Note: This may result in other minor artifacts in the results of the scan since LinkScan will use the Microsoft Windows implementation of the HTTP protocol versus the (stricter) native LinkScan implementation.
HTTP access to some sites is controlled via authentication schemes requiring Cookies. For more information regarding Cookies see the Netscape Cookie Specification at http://wp.netscape.com/newsref/std/cookie_spec.html.
LinkScan will automatically accept and return all valid cookies received during the course of a scan. However, to gain access to the site, you may need to configure LinkScan to ensure that the appropriate cookies are set. This may be achieved by one of two techniques:
The submissions of a login form may be configured using the Extrahome command (described in the next section). However, you may optionally initialize LinkScan's collection of stored cookies (aka Cookie Jar) with one or more permanent Cookies by using the Cookie command:
Syntax: Cookie server-name cookiename=cookievalue Example: Cookie www.elsop.com LinkScan=cookie_value; Note: Do not enter space characters around the '=' character
The server-name is the name of the server to be tested. For security reasons and in compliance with the applicable standards, LinkScan will only send the cookie when the specified server-name exactly matches the hostname portion of the requested URL. In this context, server names and their corresponding IP addresses are considered to be different (consistent with all major browsers). The cookie names and values must be reverse engineered from your server code or "discovered" via your browser by enabling the "Prompt before accepting cookies" or examination of stored cookies on disk.
Hint 1: Sites with especially complex schemes (multiple levels of access control, subscription expirations etc.) might consider configuring their server and/or scripts to recognize a "super-user-cookie" specifically for testing purposes. This approach may also be used to trigger test points within server-based scripts and greatly improve the meaningful testability of complex dynamic content.
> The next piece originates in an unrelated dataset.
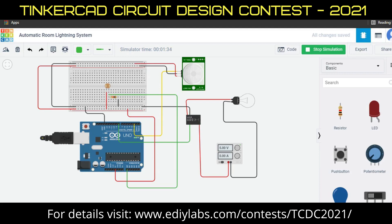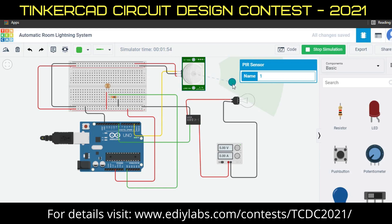Coming to the working of our project: initially, when there is no human movement, the PIR sensor doesn't detect any person and it always stays low. As a person enters the room, the change in infrared radiation in the room is detected by the PIR sensor. Here we can see that the bulb glows. As a result, the output of the PIR sensor comes high, since the data out of the PIR sensor is connected to the digital pin.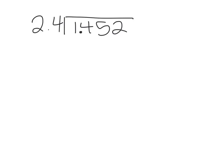So we're going to start dividing a decimal by a decimal. The first thing you need to do, because there's a decimal in the divisor, is you need to slide it over once to make it a whole number. Because you did that, you need to slide it over once here.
Hint 2: HTTP Authentication and Cookie related transactions are logged by LinkScan during the course of the scan. You may examine the following file to view the log: .../LinkScan/Projectname/data/linkscan.red
![]()
You may configure LinkScan to examine additional documents that would not normally be found during the scan and might otherwise be reported as orphaned files. The same technique may be used to submit forms on your website with specific data values for testing purposes. This is achieved with the Extrahome command:
Syntax: Extrahome relative-path-expression Examples Extrahome somedir/staticdoc.html Extrahome cgi-bin/getscript.cgi?Var1=aaa&Var2=bbb
The second example above includes a query string and is therefore equivalent to a FORM submission using the GET method. In addition, LinkScan includes support for special conventions that allow users to specify FORM submission operations using the POST method, including the Multi-Part POST, frequently used to upload files from a client to the server.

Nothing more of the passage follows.